**EXERCISE AIM:** In the material below, write out each line word for word and omit the pictures.

**DATA SECTION:**
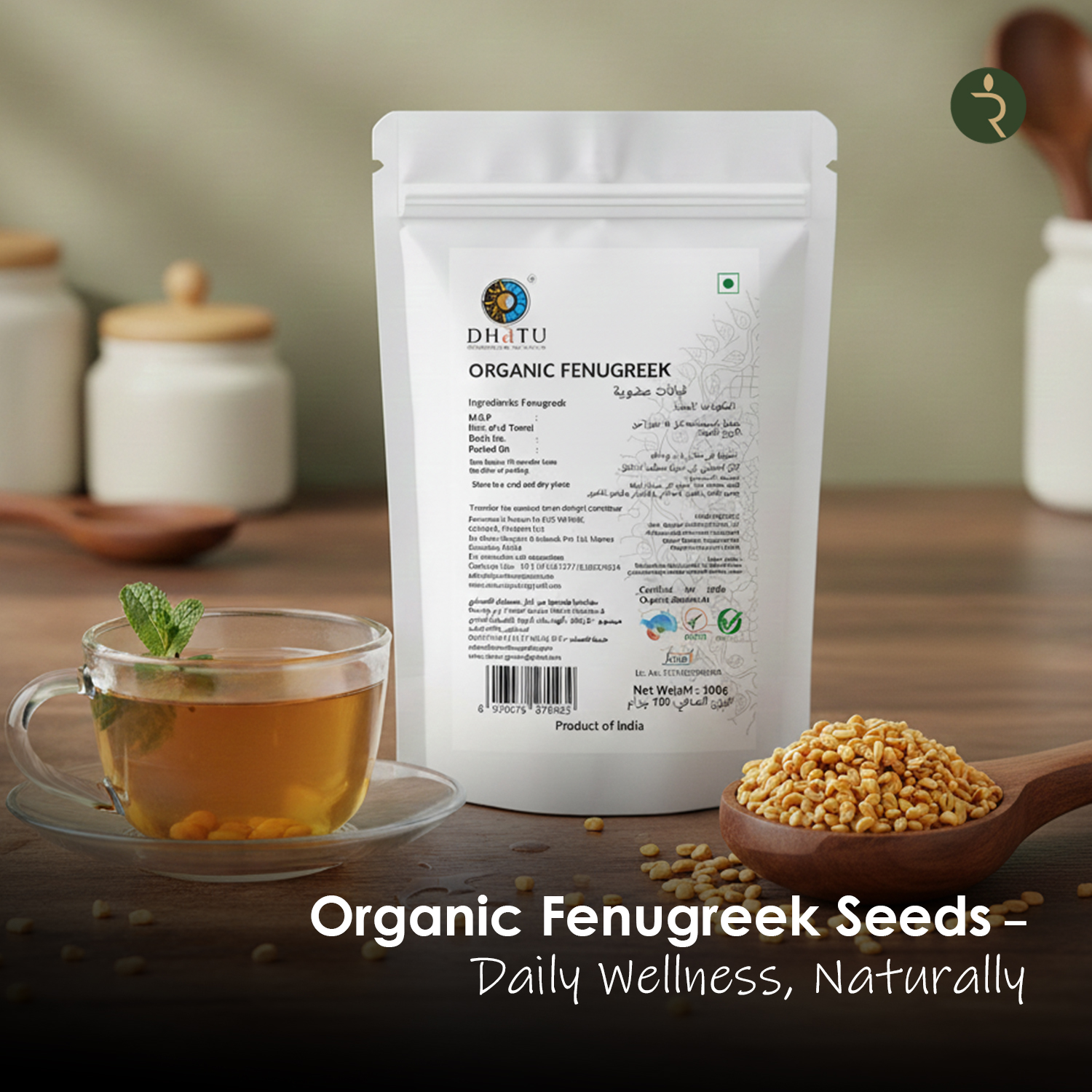 Organic Fenugreek Seeds 100g by Rootz Organics
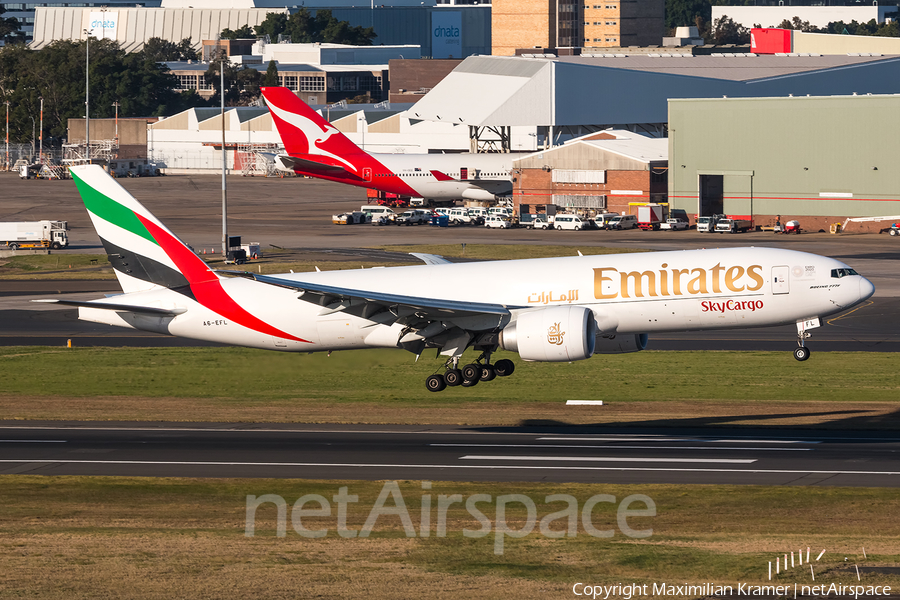 Emirates SkyCargo Boeing 777-F1H (A6-EFL) | Photo 389840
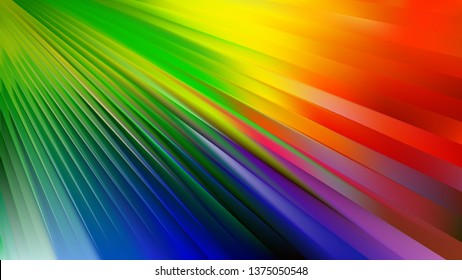 Abstract Colorful Diagonal Lines Background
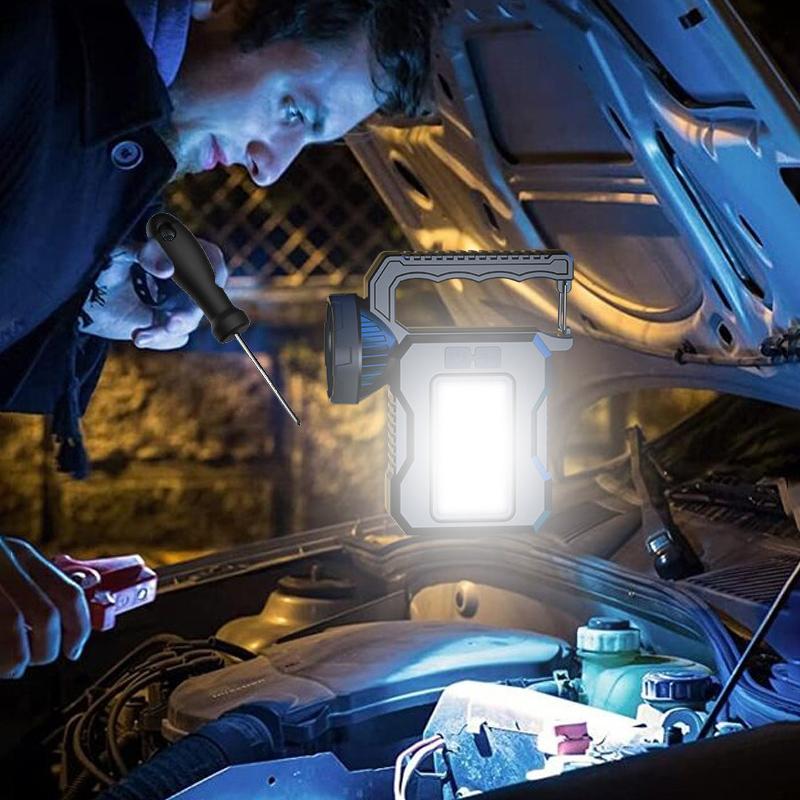 Solar Power LED Flashlights Multifunctional Portable Light Rechargeable Camping Work Light Solar Charging High brightness Torch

**ANSWER TO THIS PROBLEM:**
 Organic Fenugreek Seeds 100g by Rootz Organics
 Emirates SkyCargo Boeing 777-F1H (A6-EFL) | Photo 389840
 Abstract Colorful Diagonal Lines Background
 Solar Power LED Flashlights Multifunctional Portable Light Rechargeable Camping Work Light Solar Charging High brightness Torch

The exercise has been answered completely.